Never underestimate the importance of a good hug. It’s restorative. It feeds your soul.
Eats Everything has a hug for everyone. On his way into the DJ booth at Hollywood’s Sound last night, he hugs person after person, with a particularly big one saved for Sound resident, fellow Bristolian, and final opener, Kiddkitt who lit the room up at just the right moment. Then he starts dancing with such positive abandon that if you didn’t know already, Eats Everything is raver first and DJ second. As Kiddkitt launches his last track, he stops the music just to scream ‘Eats Everything!!!’ All erupt in cheers. Before even putting his headphones on, Eats Everything has netted the love of the room.
The return of UK’s Edible label boss to Los Angeles has been hotly anticipated. The Bristol hero first arrived on the US electronic radar via the Dirtybird crew and he’s now unquestionably cemented in the upper echelon of House and Techno DJs worldwide. He hasn’t played in Los Angeles yet this year and the greeting he received last night at Sound tells you everything. LA has missed him.

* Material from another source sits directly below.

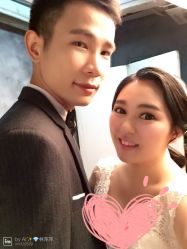 -爱城婚纱摄影·品质严选店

Sound is a beautiful club both aesthetically and sonically. The main room glistens with colour and the Pioneer system packs a huge punch — plenty of pant-flapping low end frequencies yet still magically maintains perfect clarity of sound on the high end. In other words, this system loves House and Techno. Deep affection for the art of the DJ even extends to mad visual respect for tools of the trade – Sound displays spare DJ equipment in a locked cage next to the bar, like priceless works of art. It simultaneously demystifies the tools of the trade and says ‘only the chosen few can play with these.’

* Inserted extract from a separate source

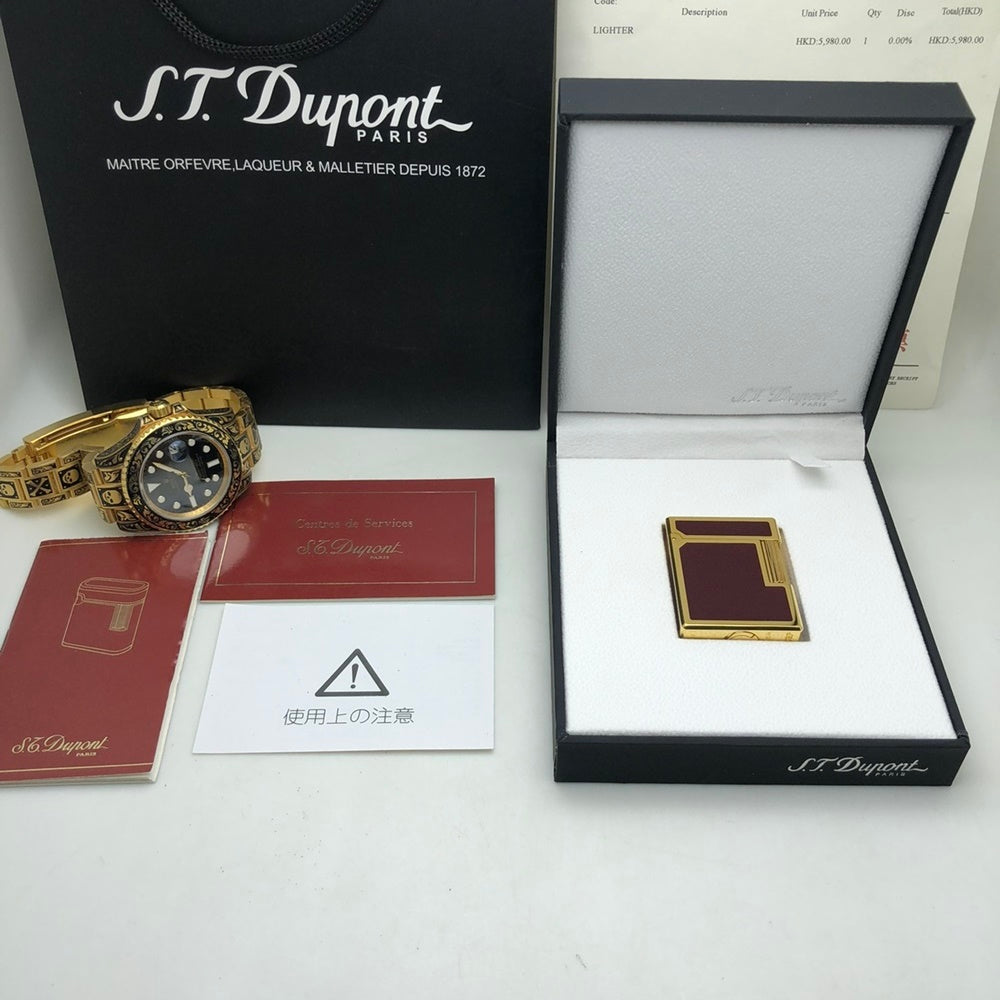 G 듀퐁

Among the most enticing features of the club, is being one room. Step inside and you are practically on the dance floor. Two possible configurations place the DJ either at one end of the rectangular space or like tonight, right in the middle of the long side, a brilliant choice because you feel like the DJ is on the dance floor WITH you. And that’s really the optimum way to experience a set from Eats Everything. He doesn’t just bring the music, he brings the party.
True to form, Eats Everything effortlessly took the crowd on an underground electronic adventure, traversing between punchy Tech House and rich, unrelenting Techno, always laced with gritty vocals and samples, some from his existing catalogue and others completely fresh. He never loses contact with the crowd and there isn’t a track that goes by over the two-and-a half hour set where he isn’t dancing with us, hugging friends in the booth, shaking hands with fans or just clearly engrossed in the music he plays.
Don’t be hoodwinked by Eats Everything’s party excitement and ‘joi de vivre,’ though. That’s his spirit but the backbone of what he does is technical excellence. Four decks, a Xone 92 mixer and multiple effects pedals are all utilised to create unrivalled flow and moments of high drama. He sucks the crowd in with acid grooves and just as they settle in, hits them hard with a Techno battery that sits at a bpm fast enough to put you in a frenzy yet slow enough that it can catch you and pull you around the dance floor.
Winning over the crowd in this Hollywood hub for House Music is no gimme. Like Hollywood itself, this room is not homogenous and killer DJs attract locals, tourists, diehard music fans and more from every corner of LA and beyond: So the fact that Eats Everything was able to galvanise this dance floor into a heaving mass of excitement, says it all. No. Surprise. Eats Everything never gave up his spot on the dance floor and it’s like he took every person in Sound, drew us into a group hug and we all jumped up and down. And as we know… that’s what feeds the soul.